Saturday, January 1, 2022

Review of "The House We Grew Up In: A Domestic Drama" by Lisa Jewell



Lorelei and Colin Bird are raising their four children - Meg, Beth, and twin boys Rory and Rhys - in a charming house in the Cotswalds.








Lorelei's favorite holiday is Easter Sunday, and the Bird house always hosts an Easter egg hunt for the neighborhood children.



When the youngsters eat their chocolate eggs, Lorelei collects the foil that covered them, because the colors are so pretty.



The Easter festivities are so important to Lorelei that she cajoles her children to participate even when they get too old for the fun. Thus, over the years, Lorelei has amassed a large collection of colored foil as well as a great many other things.

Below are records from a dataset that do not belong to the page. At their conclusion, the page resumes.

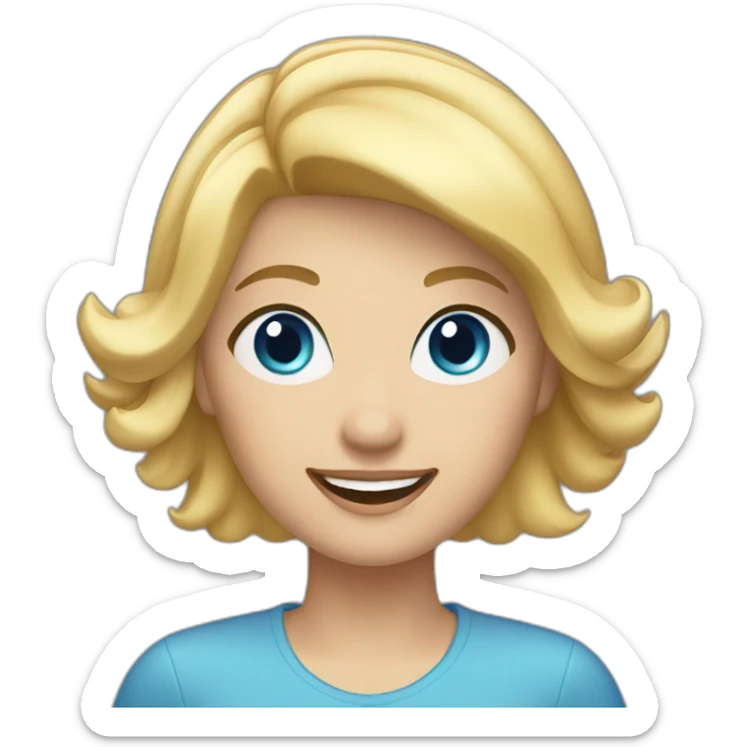 Blonde woman with medium short hair, blue eyes, waving hi to the camera sticker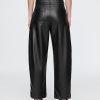 Mid Rise Vegan Leather Barrel Pants Mid Rise Vegan Leather Barrel Pants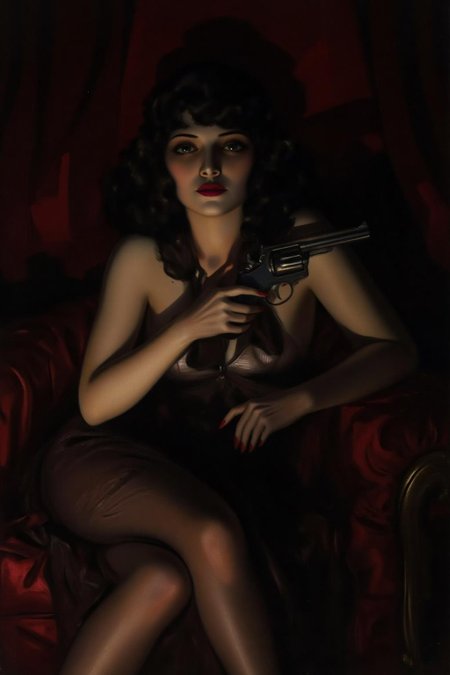 rolfarmstrong1 illustration.
a mysterious woman with dark, wavy hair and piercing eyes sits on a sofa with her legs crossed, in the shadows of a dimly lit room. She is holding a small revolver with a delicate yet firm grip. Her red lipstick is the only color that stands out in the darkness, her intentions unclear but dangerous 
 <lora:rolfarmstrong1_cap_d8a4:1.0><lora:862808614492981041:0>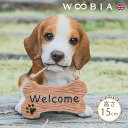 お出迎えするわんこ《 ビーグル (15cm)》〔 WOOBIA ウービア ウェルカム 玄関 welcome 置物 ガーデニング 犬 置物 北欧 おしゃれ ガーデン雑貨 動物 ガーデニング雑貨 かわいい ナチュラル 庭 屋外 オブジェ イギリス アニマル エクステリア インテリア 〕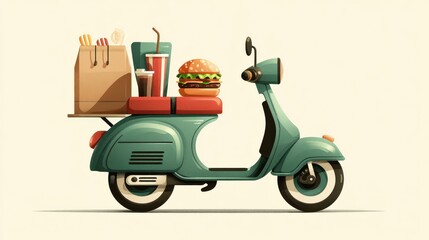 Fast food delivery action scooters and meal set icons for online ordering in urban environments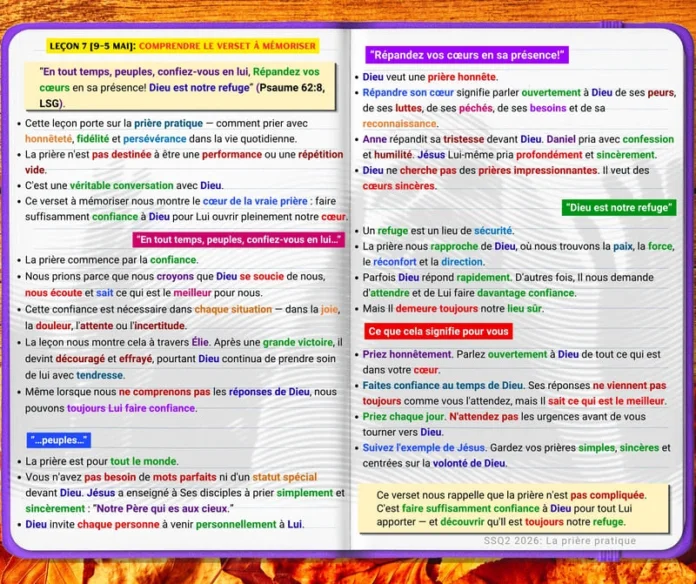 Leçon 7 | Comprendre le Psaume 62:8 Comprendre le Psaume 62:8 leçon École du Sabbat sur la prière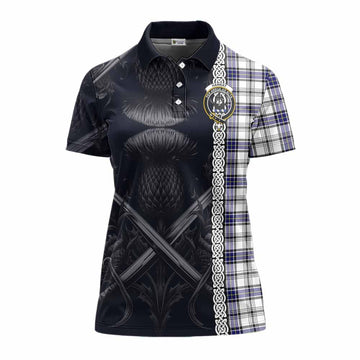 Tartan Vibes Clothing Hannay Tartan Women's Polo Shirt with Family Crest Cross Sword Thistle Celtic Vibes
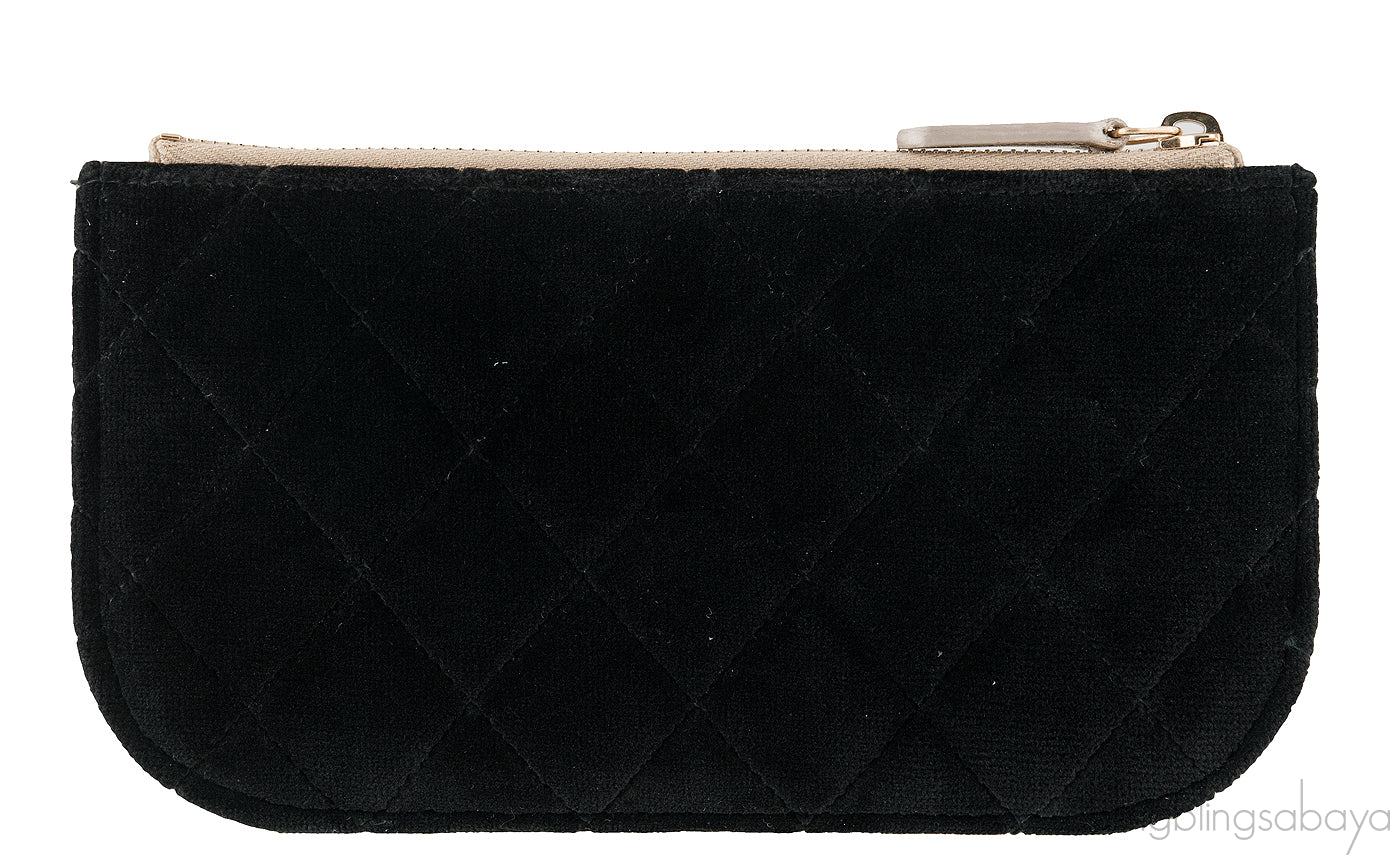 Black Quilted Velvet Pouch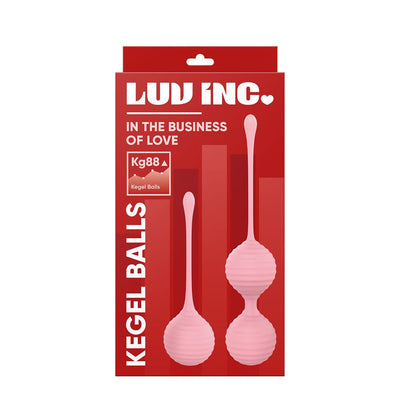 Light pink textured silicone kegel balls set with ergonomic handles on red Luv Inc branded packaging.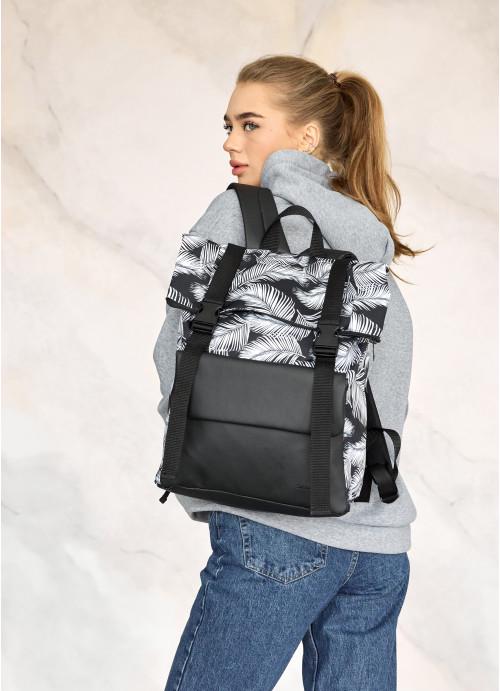 Міський рюкзак жіночий роллтоп Sambag Palm з відділенням під ноутбук Чорний (5130301641)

The fact is that Lorelei can't throw anything away. She's kept all the drawings her children ever made; dozens of worn out kitchen towels; old chipped bric-a brac; and much more. In addition, Lorelei can't resist buying things she doesn't need. Thus the Cotswold house gets more and more cluttered as the years pass, and the only family member bothered by this seems to be Meg.



There are stresses in the Bird home, but things rub along relatively smoothly until an Easter Sunday when Meg is 20, Beth is 18, and the twins Rory and Rhys are 14. Lorelei hosts her usual Easter egg hunt, there's a nice lunch, then a horrible tragedy upends the day. Easter Sunday will never be the same, and neither will the Bird family.



The book meanders back and forth over a 30-year period, from when Meg is 10, and happily hunting Easter eggs; until Meg is 40, and back home to bury her mother and clean out the house. By now the Bird house is so filled with newspapers, books, and Lorelei's treasures as to be almost completely inpenetrable, like the worst homes on the Hoarders television show.



We follow each of the major characters over the 30-year span of the story: Meg, who's the mature one, meets a man named Bill, has four children, and does well financially;



Attractive Beth becomes a personal assistant, lives with her mother until she's thirty, exhibits bad judgement, and suffers the consequences;



Rory runs off to a Spanish commune with an Irish girl, but has trouble accepting responsibility;



Lorelei separates from Colin, has another relationship, and when she's older, acquires an online boyfriend;



and Colin just mosies along until he has a later-life crisis.



Lorelei is the linchpin of the book and its sad to see one child after another pull away from her, largely because of her behavior, which - in addition to the hoarding - is quite selfish. For example, when Colin tries to plan a wonderful holiday for the family, Lorelei squashes the idea because she can't bear to leave her house.



Towards the end of the book we get an explanation for Lorelei's self-centered conduct, and see her regret for the estrangements she's caused, not only between herself and the children, but between the children themselves - who have little contact with one another. Unfortunately, Lorelei ends up lonely and sick and her death is very sad. But it's an opportunity for the family to come together, and perhaps mend some bonds.

I know hoarding is a mental illness, but Lorelei's explanation is almost logical. She says her 'treasures' form a sort of lattice that preserves important times and events in her mind. (Though one has to wonder how forty pot scrubbers, dozens of packages of hair scrunchies, and hundreds of moldy paperback books fit this explanation.)

The book presents a compelling picture of family dynamics, but (for me) the story moved too slowly; the jumping around in time was hard to follow; and some of Meg's emails to her online boyfriend were cringeworthy. Still, the book got many stellar reviews and readers interested in dysfunctional families might want to give a try.